Right after hotel quarantine was introduced, Health Minister Patty Hajdu told Question Period even vaccinated travellers would have to quarantine because the science wasn’t clear on whether the vaccinated were still infectious. She then said the Trudeau government “will be sharing the understandings and knowledge of vaccination as it becomes clear with Canada and the world.”

Fast forward three months. The American Centers for Disease Control and Prevention has just updated its guidelines for what activities fully vaccinated people can do again safely, including having dinner at a restaurant indoors. Where I live in Germany, the government says it expects to announce what freedoms the fully vaccinated will be able to enjoy again soon. It’s widely rumoured such travellers won’t have to quarantine. Ireland has dropped mandatory hotel quarantine for fully vaccinated travellers, but has kept it in place for the unvaccinated. Meanwhile, the European Union is working on a common vaccination certificate for its citizens and is also expected to allow fully vaccinated Americans to visit this summer. Two friends of mine in long-standing relationships with American boyfriends are already eagerly searching for flights.

In my home country of Canada, where my parents still live? Nothing.

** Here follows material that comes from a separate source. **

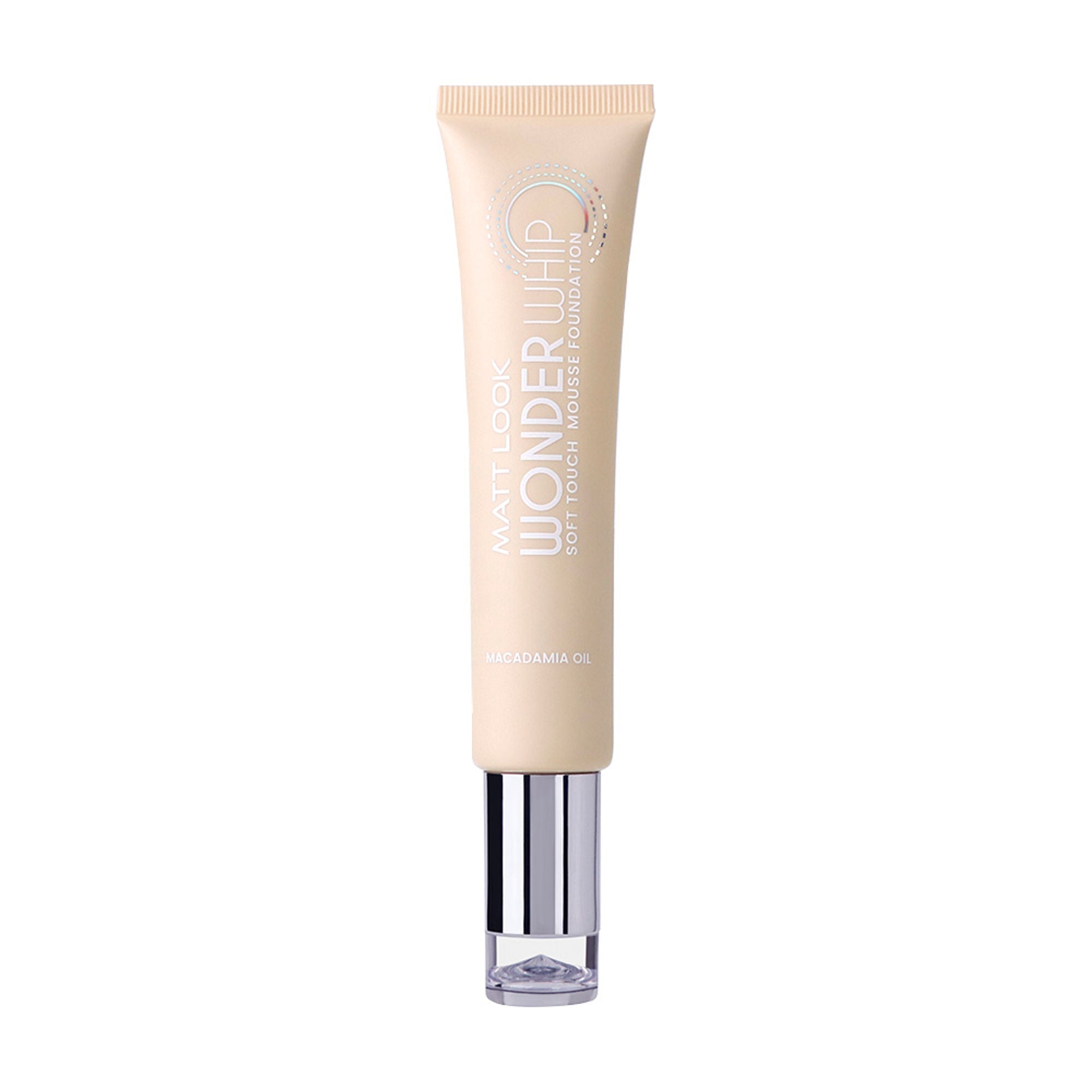 Matt Look Wonder Whip Soft Touch Mousse Foundation - Natural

In late March, Chief Public Health Officer Theresa Tam said it was too early to update guidelines for vaccinated Canadians. At around the same time, the American CDC noted that relaxing certain measures, including quarantine restrictions, might help encourage more people to get their jab. Given its current data on around 87 million fully vaccinated Americans, the CDC also reported that “breakthrough cases,” where a fully vaccinated person still gets COVID-19, are exceedingly rare.

In Israel and Britain, which have both vaccinated over half their populations with at least one dose, case numbers have plummeted. Britain announced dates for its phased reopening months ago. Scroll through Israeli social media and you’ll find pictures of people gaining entry into concerts after brandishing their vaccination certificates. Israeli Health Ministry data suggest vaccination not only greatly reduces the risk of infection – but transmission as well.

If other countries are already acting on scientific data demonstrating how vaccination can reduce transmission, why has Canada still not announced a plan – or even a timeline for when we might expect one? Doing so would give Canadians some hope that life will return to some semblance of normal. It could well encourage more people to book their vaccine appointments quickly. Instead, current Canadian policy – particularly hotel quarantine – risks keeping families like mine apart even when we’re likely not at risk to one another.

It also incentivizes Canadians to either find loopholes or essentially invent their own rules where guidelines don’t exist. Since hotel quarantine applies only to air travellers, the recent boom in Canadians using cross-border taxis to get around hotel quarantine illustrates this rather pointedly. Meanwhile, those who exercise their public responsibility by getting vaccinated are still left with little, except perhaps an expensive hotel bill.

It’s obvious by now that vaccinating our way to herd immunity is the key ingredient to ending the pandemic. It’s time the federal government did more to incentivize it, and gradually ease the toll COVID-19 has taken on our lives. The data is there. The experiences from other countries are there as reference. The vaccine shipments are coming in. It’s time to give some hope to Canadians willing to get their shots. Vaccinated Canadians will have performed an invaluable public responsibility. The federal government needs to present guidelines that begin restoring their freedoms.